With increasingly intense and in some places even violent protests, homosexual activists are calling for people who choose the gay lifestyle to band together in civil disobedience for the next seven weeks, from Nov. 27 to Jan. 20, when they will converge on Washington, D.C., for the inauguration of Barack Obama.
Rallies were held in about a half dozen North Carolina cities last weekend as part of the “Join the Impact” national protest. Estimates from GLBT (Gay, Lesbian, Bi-sexual, Transgender) Web blogs showed Raleigh’s gathering as largest in N.C. with a crowd of some 1,400; 300 to 400 were reported in Greensboro; a similar size crowed in Asheville; 200 in Charlotte; 130 in Wilmington; and roughly 50 in Boone.
Although the Tar Heel events were apparently peaceful, that hasn’t been the case elsewhere. Numerous churches – especially Mormon places of worship – have been defaced; contributors to California’s Yes on 8 campaign have been blacklisted and had their businesses boycotted; and Christians who have dared to speak out have, in some cases, been threatened and even physically attacked.
A Palm Springs protest turned violent when a senior citizen had a cross pulled from her hands and stomped after daring to share God’s message of “fidelity.”
“Members of the radical ‘No on 8’ campaign in California have quickly turned their disappointment over the homosexual marriage ban into rabid hostility,” wrote the Family Research Council’s Tony Perkins on his weekly update. “Once again, the Left is proving its unwillingness to practice the very ‘tolerance’ they preach.”
A group of Christians who gather in San Francisco’s Castro district every Friday to witness and pray had to be escorted out by police earlier this month after an angry homosexual mob began to throw hot coffee, soda and alcohol on them, threatened to kill them and tried to molest them, according to members of the group.

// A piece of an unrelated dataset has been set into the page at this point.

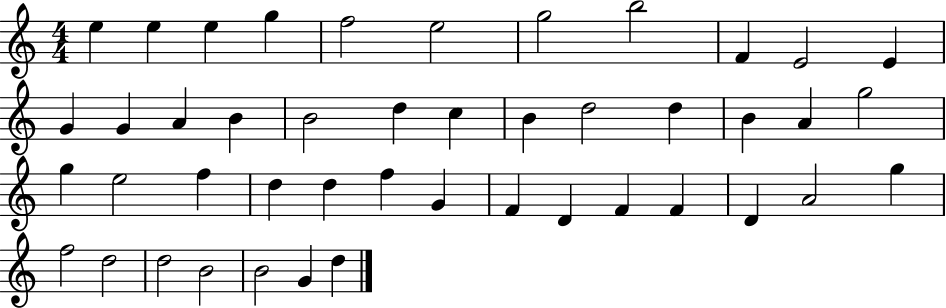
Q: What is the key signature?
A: C major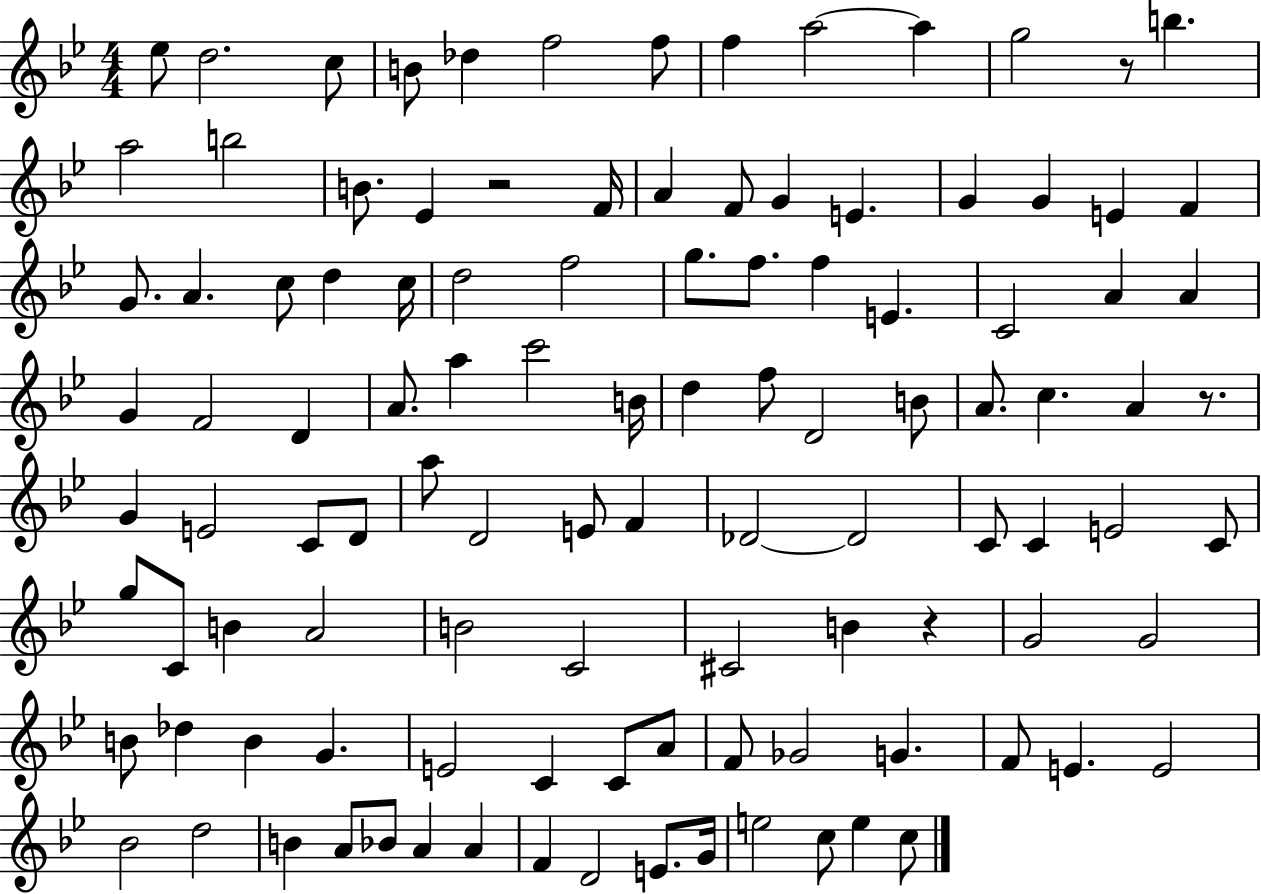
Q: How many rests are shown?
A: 4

A video clip of the aftermath of the ordeal, as police were escorting the Christians out, can be viewed at www.americansfortruth.com , but shows just a small part of what happened according to eyewitnesses.

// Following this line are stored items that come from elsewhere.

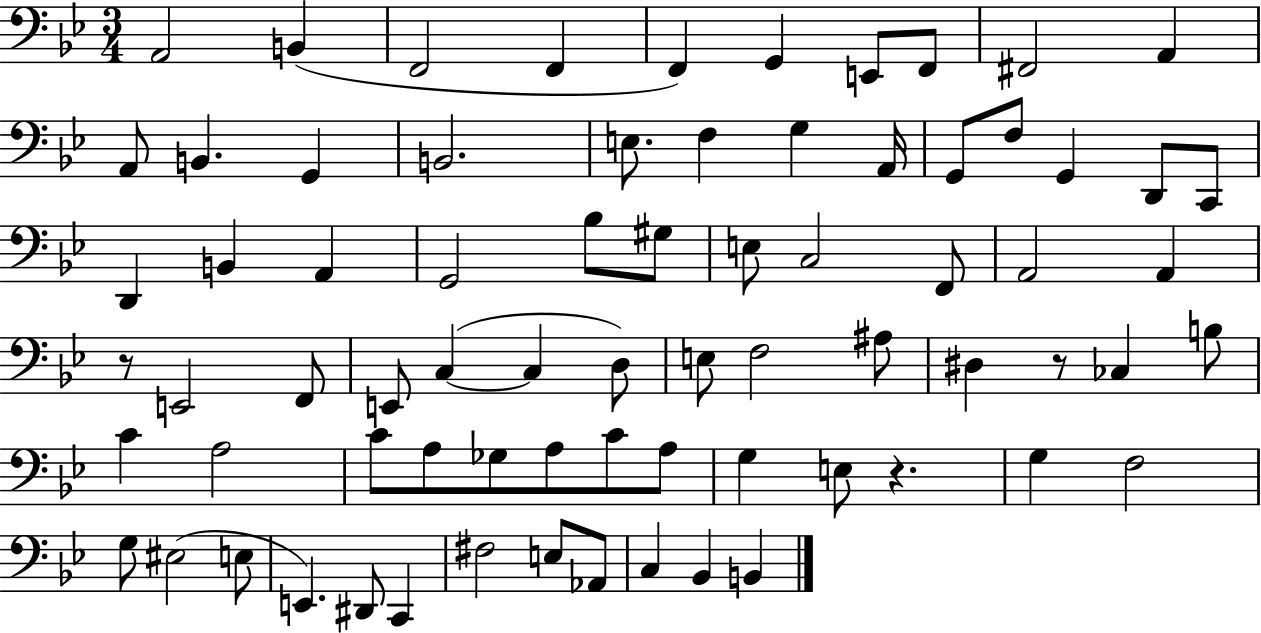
X:1
T:Untitled
M:3/4
L:1/4
K:Bb
A,,2 B,, F,,2 F,, F,, G,, E,,/2 F,,/2 ^F,,2 A,, A,,/2 B,, G,, B,,2 E,/2 F, G, A,,/4 G,,/2 F,/2 G,, D,,/2 C,,/2 D,, B,, A,, G,,2 _B,/2 ^G,/2 E,/2 C,2 F,,/2 A,,2 A,, z/2 E,,2 F,,/2 E,,/2 C, C, D,/2 E,/2 F,2 ^A,/2 ^D, z/2 _C, B,/2 C A,2 C/2 A,/2 _G,/2 A,/2 C/2 A,/2 G, E,/2 z G, F,2 G,/2 ^E,2 E,/2 E,, ^D,,/2 C,, ^F,2 E,/2 _A,,/2 C, _B,, B,,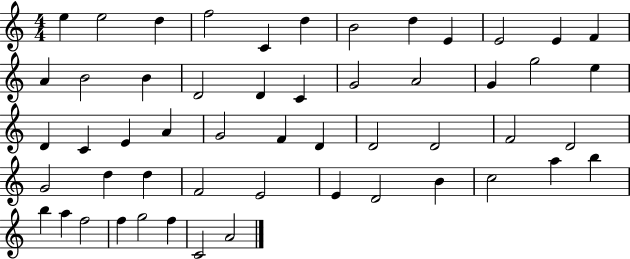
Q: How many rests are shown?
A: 0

“It was only the very tail end of the night and says that we were all about Prop 8 …. when in reality we had nothing to do with Prop 8 this night,” one of the group members reported. “All of what we do is for the Love of Jesus Christ, and the love for those in the Castro. … We can’t hate the people because they are just broken and blinded by the spirit of this age.”

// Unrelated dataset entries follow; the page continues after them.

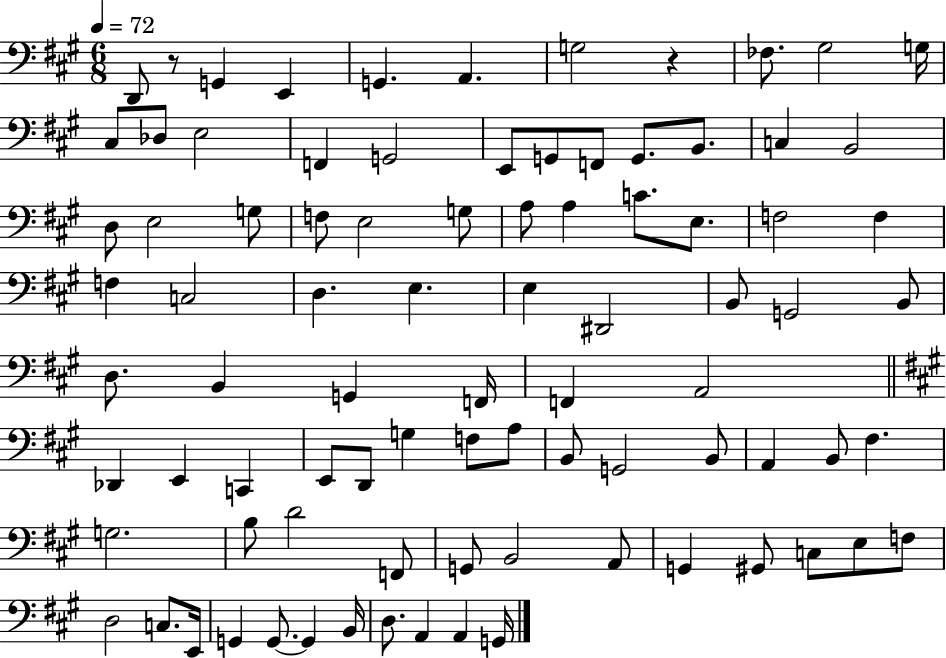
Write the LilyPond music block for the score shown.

{
  \clef bass
  \numericTimeSignature
  \time 6/8
  \key a \major
  \tempo 4 = 72
  d,8 r8 g,4 e,4 | g,4. a,4. | g2 r4 | fes8. gis2 g16 | \break cis8 des8 e2 | f,4 g,2 | e,8 g,8 f,8 g,8. b,8. | c4 b,2 | \break d8 e2 g8 | f8 e2 g8 | a8 a4 c'8. e8. | f2 f4 | \break f4 c2 | d4. e4. | e4 dis,2 | b,8 g,2 b,8 | \break d8. b,4 g,4 f,16 | f,4 a,2 | \bar "||" \break \key a \major des,4 e,4 c,4 | e,8 d,8 g4 f8 a8 | b,8 g,2 b,8 | a,4 b,8 fis4. | \break g2. | b8 d'2 f,8 | g,8 b,2 a,8 | g,4 gis,8 c8 e8 f8 | \break d2 c8. e,16 | g,4 g,8.~~ g,4 b,16 | d8. a,4 a,4 g,16 | \bar "|."
}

The Rev. Mark Creech, executive director of the Christian Action League of North Carolina, said the Prop. 8 protests should validate what pro-family supporters did in California and what Tar Heel Christians should be about here – defending the sanctity of marriage.
“As the only state in the Southeast without a constitutional amendment to protect marriage, North Carolina is in a very vulnerable position,” he said, urging Christians to continue to lobby their legislators on the issue.
He said as discouraging as the nationwide Prop. 8 protests are, they serve a function in uncovering motives.
“The violence of some protesters reveals the true nature of the homosexual agenda which has little to do with tolerance,” the Rev. Creech said.
Perhaps Mission America’s Linda Harvey, who has received e-mailed threats urging her to “Beware. We are everywhere and you will never know it…” summed it up best.
“The goal of homosexual activism is not tolerance. It is not equality. The point is revolution and getting their way, no matter what,” she wrote on her organization’s Web site.
Sounds like we’re back to the board game.